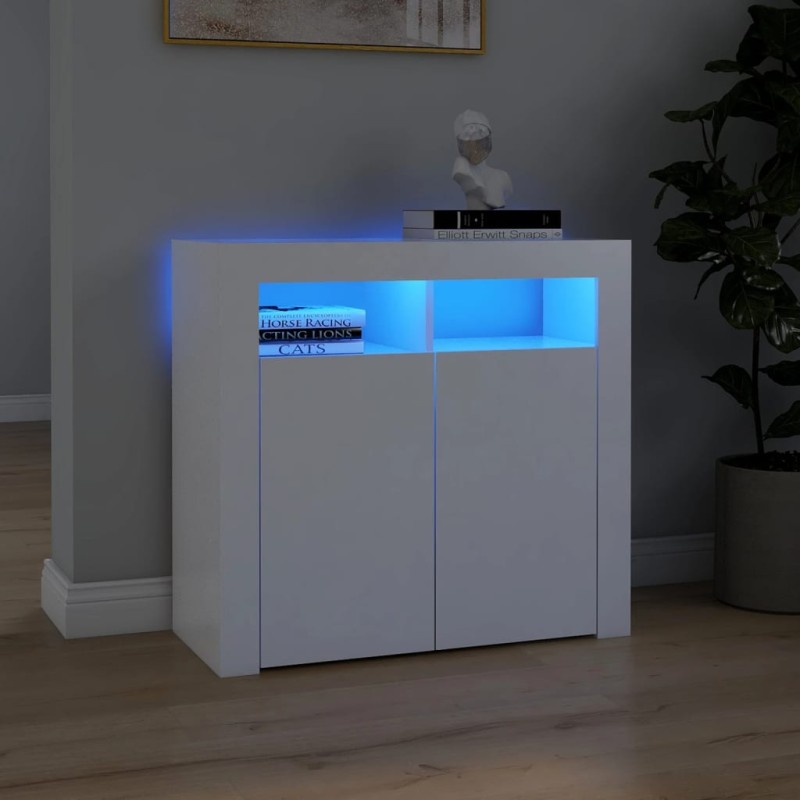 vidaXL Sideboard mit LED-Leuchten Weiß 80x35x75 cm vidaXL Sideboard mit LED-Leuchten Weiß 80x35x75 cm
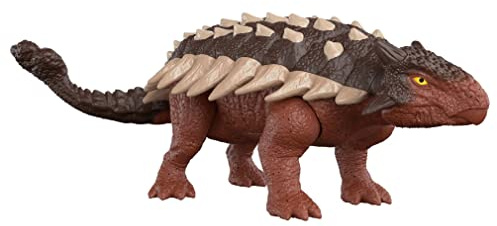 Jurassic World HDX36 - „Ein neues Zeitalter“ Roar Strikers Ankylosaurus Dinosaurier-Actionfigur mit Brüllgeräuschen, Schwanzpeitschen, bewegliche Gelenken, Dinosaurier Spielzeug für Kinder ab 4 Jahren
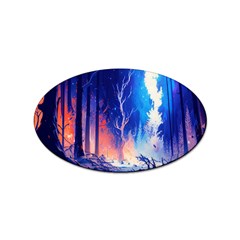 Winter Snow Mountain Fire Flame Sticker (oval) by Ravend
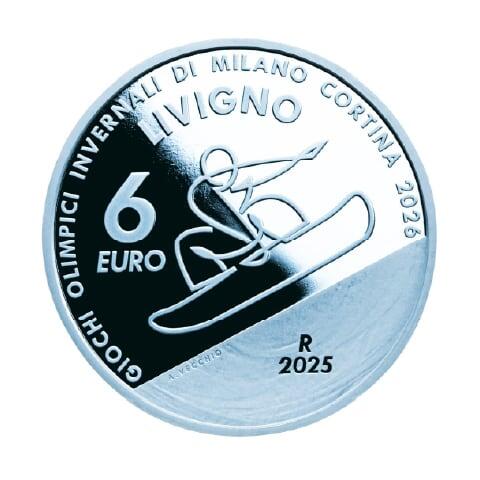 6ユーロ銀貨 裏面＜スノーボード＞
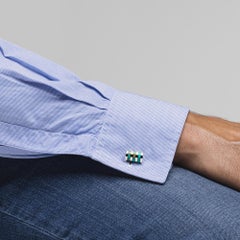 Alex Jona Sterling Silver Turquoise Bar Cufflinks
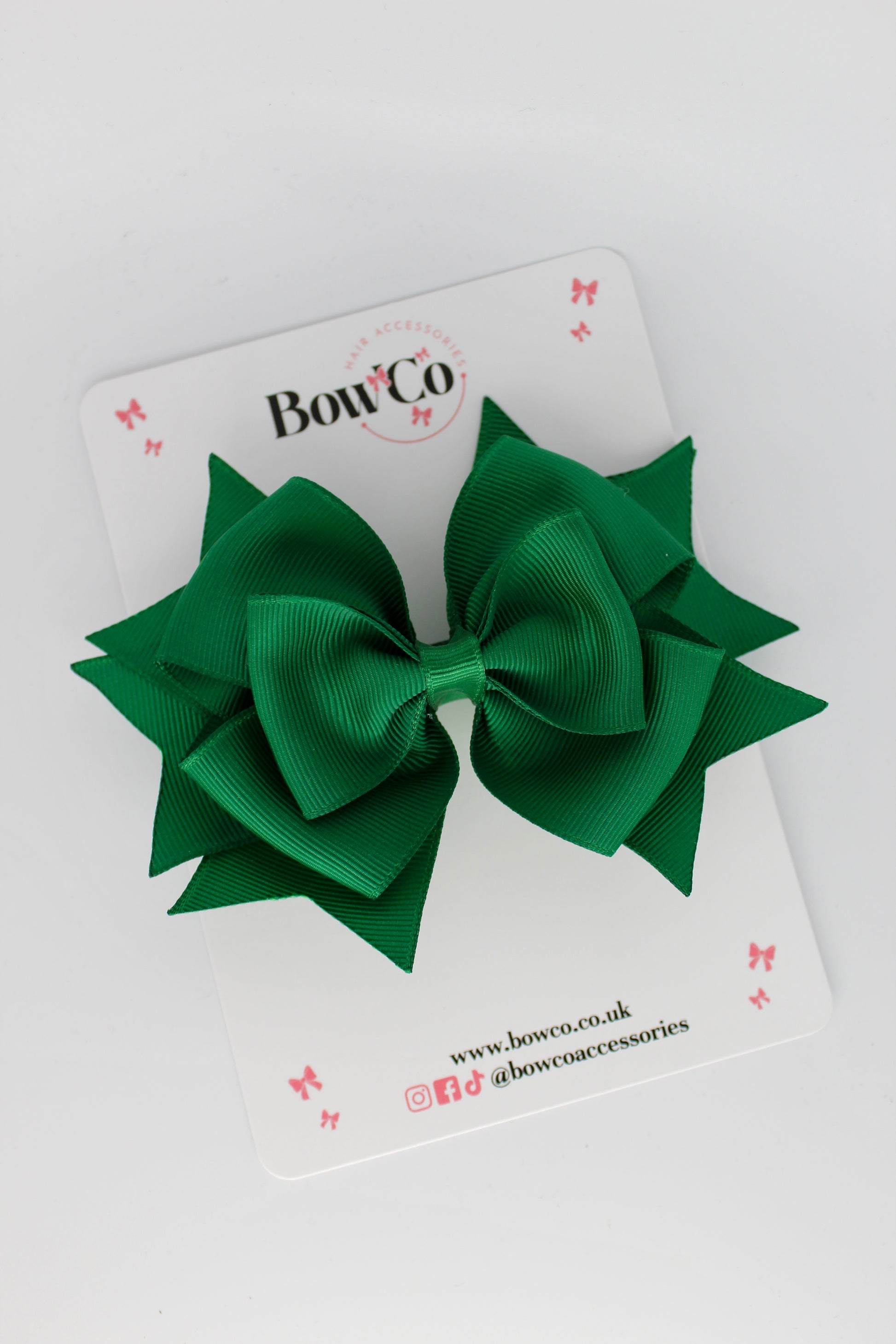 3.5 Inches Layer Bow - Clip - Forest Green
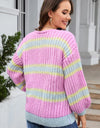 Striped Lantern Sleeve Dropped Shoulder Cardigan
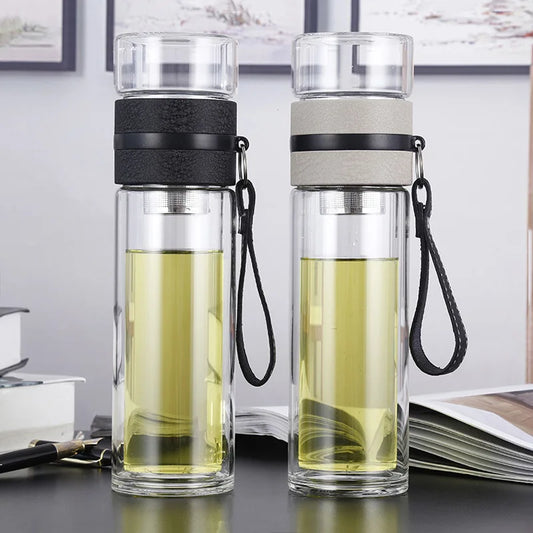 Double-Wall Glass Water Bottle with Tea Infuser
○ ○ ○ ○ ○
Pictures are to be omitted. The lines from the line holding "Alex Jona Sterling" through the closing line of the data above are to be set down exactly, and nothing more.

 Alex Jona Sterling Silver Turquoise Bar Cufflinks
 3.5 Inches Layer Bow - Clip - Forest Green
 Striped Lantern Sleeve Dropped Shoulder Cardigan
 Double-Wall Glass Water Bottle with Tea Infuser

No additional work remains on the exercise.